Herr Göttsberger: Sie kaufen historische Häuser nicht, um sie zu entwickeln, sondern um sie zu erhalten. Wie viele besitzen Sie denn schon?
G: Einige. Viele historische Häuser sind derzeit nicht marktgängig, müssen aber trotzdem erhalten werden.
Konkreter wollen Sie also nicht werden. Verraten Sie wenigstens, wie viele es in Zittau sind?
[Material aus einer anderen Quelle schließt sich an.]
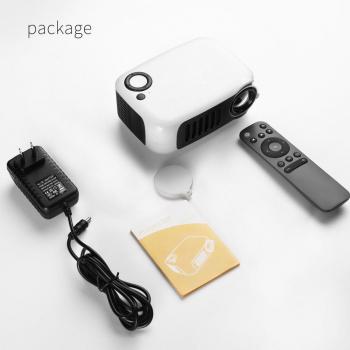 Mini Proyector VEIDADZ A2000, 320x240 píxeles, 800 lúmenes, LED portátil con altavoz incorporado para multimedia en el hogar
G: Ich will es mal so sagen: Ich bin ein Eigentümer, der der gesellschaftlichen Verantwortung gerecht wird. Ich möchte, so wie es in meinen Möglichkeiten steht, etwas für die Nachwelt erhalten. Ich will auch nicht Profit aus den Gebäuden ziehen. Das heißt, was von dem einen als Überschuss kommt, fließt in das andere.
Herr Reepen, wie viele Immobilien entwickeln Sie derzeit.
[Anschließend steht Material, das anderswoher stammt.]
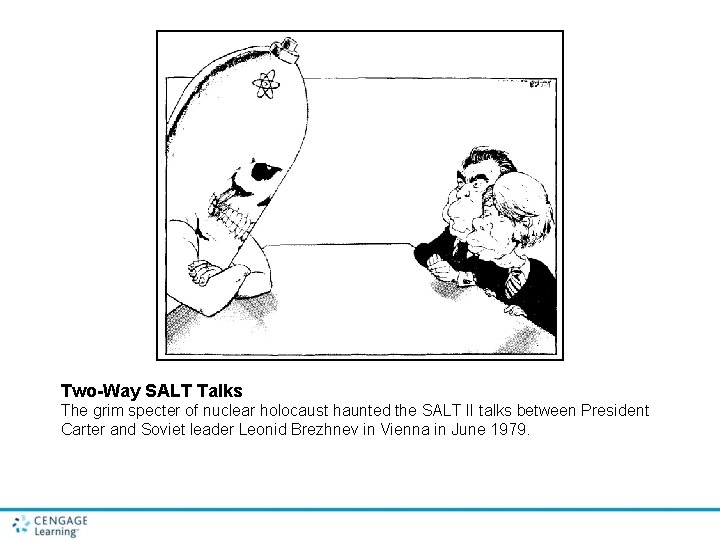 Two-Way SALT Talks The grim specter of nuclear holocaust haunted the SALT II talks Two-Way SALT Talks The grim specter of nuclear holocaust haunted the SALT II talks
R: Fünf in Zittau, insgesamt sieben.
Wenn Sie einen Wunsch frei hätten: Wie soll es mit den maroden, historischen Häusern in Zittau weitergehen?
G: Umdenken in der Gesellschaft, der Stadtverwaltung, der Politik. Sie müssen sich des historischen Erbes bewusst werden und es nach allen Kräften versuchen, zu halten. Und in Stufe zwei, viel, viel später, werden die Abrisslücken wieder geschlossen.
R: Ich denke, der Mittelweg ist richtig. Ein Teil wird gerettet, ein Teil wird entwickelt und ein Teil wird erst einmal brachliegen bleiben. Vielleicht findet sich auch eine Mehrheit im Stadtrat, nicht nur Geld für den Abriss zu geben, sondern auch Herrn Göttsbergers Ideen, mit dem Stadtforum kleine Sicherungsmaßnahmen vorzunehmen, zu finanzieren. Das ist ein schöner Ansatz.
G: Es gibt noch einen Weg, wie man die Altbausubstanz erhalten kann. Es gibt Kommunen, die weisen seit zehn Jahren keine Neubaugebiete mehr aus. Das heißt, wenn jemand herzieht, muss er sich mit dem Angebot, was da ist, arrangieren.
Aber in den letzten 30 Jahren sind die Familien, wenn sie in Zittau nicht neu bauen konnten, ins Umland gezogen.
G: Zittau allein kann das nicht. Das muss die südliche Oberlausitz gemeinsam machen. Sonst entsteht ein Donut: außenrum der fette Bereich, innen gar nichts.